There was an editorial in The New York Times last week on a report by the Institute of Medicine on the NCI's clinical trials program and its difficulties. The editorial made the point that the clinical trials effort is at the heart of transferring technology to cancer patients, and that it needs fixing.
The IOM report and the editorial missed the major problem, however. So did the letters to the editor on Sunday 2 May from Drs Doug Blayney and Alan Lichter, on behalf of the American Sociey of Clinical Oncology, and from Dr Bruce Chabner, Clincal Director at Massachusetts General Hospital Cancer Center in Boston.
Blayney and Lichter extoll the virtues of the clinical cooperative groups and claim that the problem is money. They are underfunded, they say. True. Chabner points out that the NCI's cooperative group program is no longer the main instrument for developing new treatments anyhow. Also true. (In fact they never were. But that's another story.)
But everybody missed the main source of the problem: over regulation.

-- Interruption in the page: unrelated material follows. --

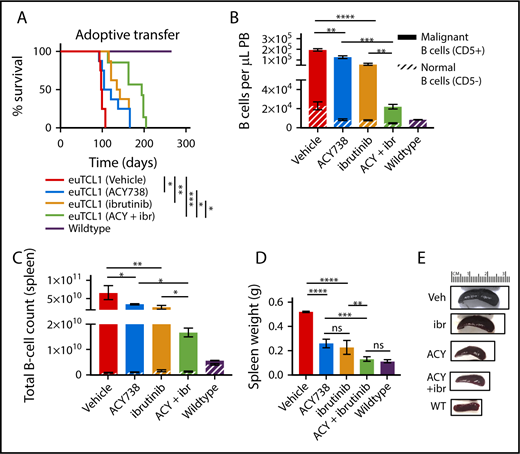 Figure 7. Combinatorial antitumor efficacy of ACY738 and ibrutinib treatment in CLL mice. (A) Overall survival data for adoptive transfer CLL mice treated as indicated until death or euthanasia (n = 8 per group), representative of 2 independent experiments. (B-C) CLL burden was quantified in peripheral blood or spleen after 12 weeks of indicated treatments; data are representative of 3 independent experiments. (D) Spleen weight at conclusion of experiment. (E) Representative spleens from indicated treatment groups are shown. Error bars correspond to standard errors of the mean. *P < .05, **P < .005, ***P < .0005, ****P < .00005.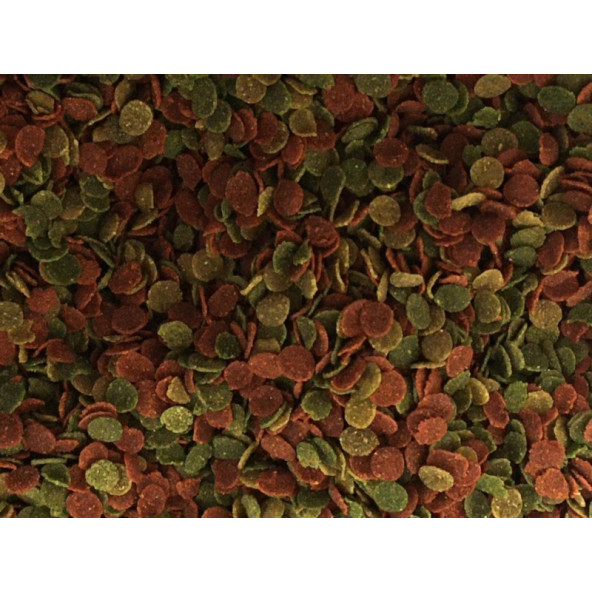 Lotus Protect Mix 2.4Kg Pro Chips 48-Protein Pre biyotik Kova Balık Yemi,Betta-Goldy-Tropical- 4x125ml - 3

Apparently this is too much of a lightning rod for people to discuss in public. Over regulation, in the name of patient safety, affects both cooperative group and industry studies. In the name of protecting patients from harm they stifle new developments and instead "protect" patients from access to new treatments.
I refer the reader to an editorial I wrote on this subject in 2009 for Nature Reviews Clinical Oncology and reprinted on this blog shortly thereafter. Pumping money into the archaic mechanisms of doing clinical trials in NCI's cooperative groups won't do an ounce of good if the structural problems aren't fixed first.